[HOW TO COMPLETE THIS TASK]
The answer must consist of the entries, copied exactly and in full.

[MATERIAL PROVIDED]

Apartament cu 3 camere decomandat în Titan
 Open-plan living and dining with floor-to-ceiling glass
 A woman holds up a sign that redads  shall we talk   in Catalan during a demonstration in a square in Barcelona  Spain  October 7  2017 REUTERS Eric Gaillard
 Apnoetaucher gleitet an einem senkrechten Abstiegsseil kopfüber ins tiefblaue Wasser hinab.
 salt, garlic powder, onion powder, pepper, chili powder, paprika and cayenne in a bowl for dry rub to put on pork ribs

[ANSWER BOX]
Apartament cu 3 camere decomandat în Titan
 Open-plan living and dining with floor-to-ceiling glass
 A woman holds up a sign that redads  shall we talk   in Catalan during a demonstration in a square in Barcelona  Spain  October 7  2017 REUTERS Eric Gaillard
 Apnoetaucher gleitet an einem senkrechten Abstiegsseil kopfüber ins tiefblaue Wasser hinab.
 salt, garlic powder, onion powder, pepper, chili powder, paprika and cayenne in a bowl for dry rub to put on pork ribs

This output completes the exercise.